EARTH WRAPPED 2025

Ecological Resilience and Biodiversity: The Year in Review

A Planet Under Pressure, A Future in the Balance

The Resilience Imperative

The year 2025 underscored a profound truth: our future hinges on ecological resilience. This capacity of nature to absorb shocks is primarily guaranteed by biodiversity—our planet's natural insurance policy. The verdict: High-level commitments are meeting on-the-ground reality, and implementation remains tragically uneven.

Major Gains: Signs of Hope in a Turbulent Year

Finance: Progress toward mobilizing $20 billion/year in nature finance (KMGBF target).

Policy: New regulations (EUDR, CSRD) are mandating corporate transparency on nature impact.

Commitments: Accelerated national action toward the 30x30 target.

Concrete Wins: Species & Capital

The Reptile Rebound

Species: Green Sea Turtle (Chelonia mydas)

Milestone: Global status upgraded from Endangered (EN) to Least Concern (LC) (October 2025)

Key Driver: Decades of protected nesting beaches and fishing gear changes (TEDs)

TNFD Momentum

Statistic: 89% of reporting entities are now disclosing or planning to disclose nature-related risk using TNFD guidance

Takeaway: This mandates transparency and drives capital toward sustainable practices

Concrete Wins: Global Protection & Local Restoration

High Seas Treaty Ratification

Milestone: The ratification of the High Seas Treaty cleared the legal path to establish vast marine protected areas beyond national borders

Impact: Massive step toward achieving the 30x30 ocean protection goal

Habitat Success

Species: Rodrigues Warbler

Achievement: Downlisted to Least Concern (LC) following dedicated habitat restoration on Rodrigues Island, proving the power of focused ecological management

The Amphibian Alarm

41% of assessed amphibian species are threatened with extinction — the most imperiled vertebrate group.

Leatherback Decline

The East Pacific Leatherback continues a catastrophic decline — over 97% loss since the 1980s, driven largely by fisheries bycatch.

Systemic Bird Decline

61% of bird species globally are now showing declining population trends — a signal of widespread habitat failure.
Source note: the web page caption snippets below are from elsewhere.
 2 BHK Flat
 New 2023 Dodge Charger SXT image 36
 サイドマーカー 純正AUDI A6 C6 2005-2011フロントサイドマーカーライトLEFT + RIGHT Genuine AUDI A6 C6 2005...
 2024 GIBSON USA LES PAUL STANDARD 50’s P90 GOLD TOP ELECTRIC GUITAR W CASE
The Biggest Joke Of The Year: Greenwashing's Apex

Event: The COP30 Highway Contradiction

Location: Belém, Pará, Brazil (Amazon region)
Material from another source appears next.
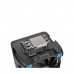 Thermaltake Riing Silent 12 Pro Blue LED CPU Heatsink and Fan, 120mm Thermaltake Riing Silent 12 Pro Blue LED CPU Heatsink and Fan, 120mm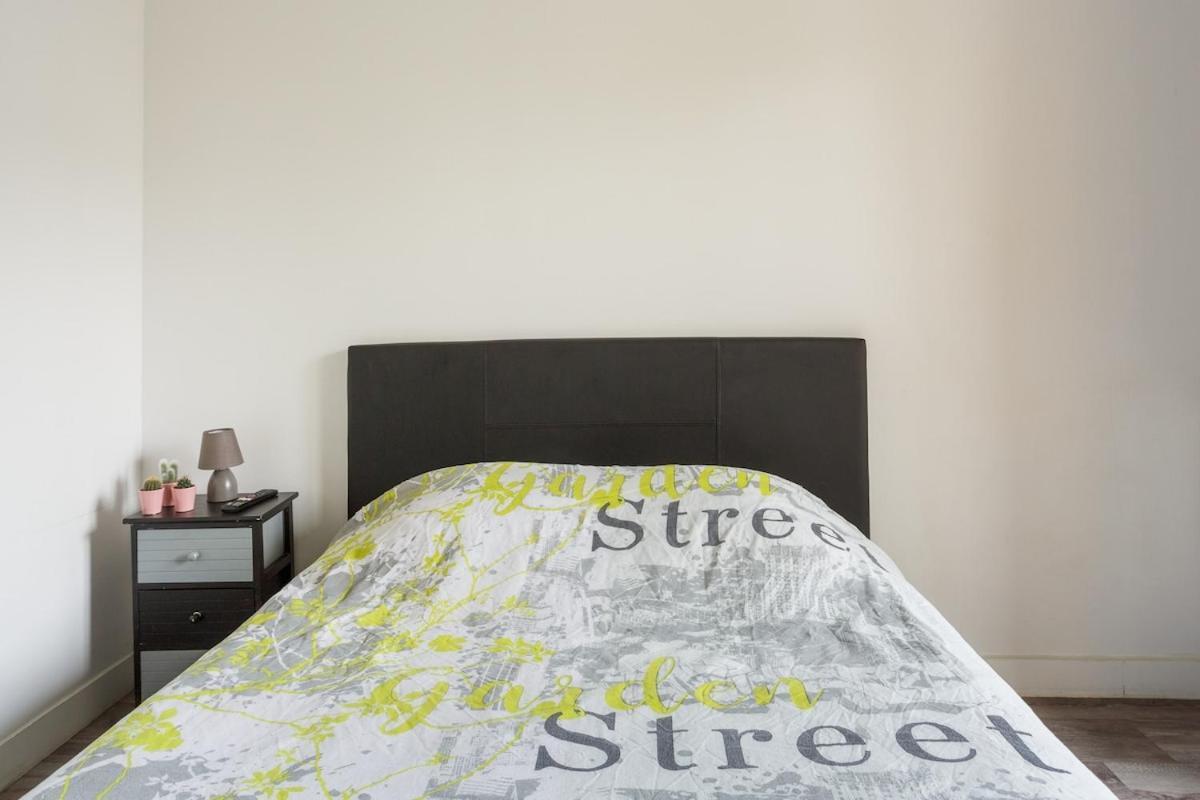 L'Escapade Parisienne Apartamento Aulnay-sous-Bois Exterior foto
The Irony: The state government approved a highway, requiring the deforestation of protected Amazon rainforest, to improve delegate access for the very climate summit (COP30) meant to protect it.

The Spin: Officials termed the destructive project a "sustainable highway" despite the ecological damage.

Future Watch Cover

The Future Watch: Underlooked Things that we should be concerned of

Zoonotic Spillover

Accelerated risk of emerging diseases due to habitat fragmentation — ecological failure is tightly linked to human security.

Vibration Pollution

Ground vibration from traffic and industry causes avoidance behavior in sensitive species (e.g., rattlesnakes) — an under-monitored stressor.

The core lesson of 2025: ecological resilience is not a cost to be minimized, but a mandatory investment in global stability — the ultimate insurance policy against future crises.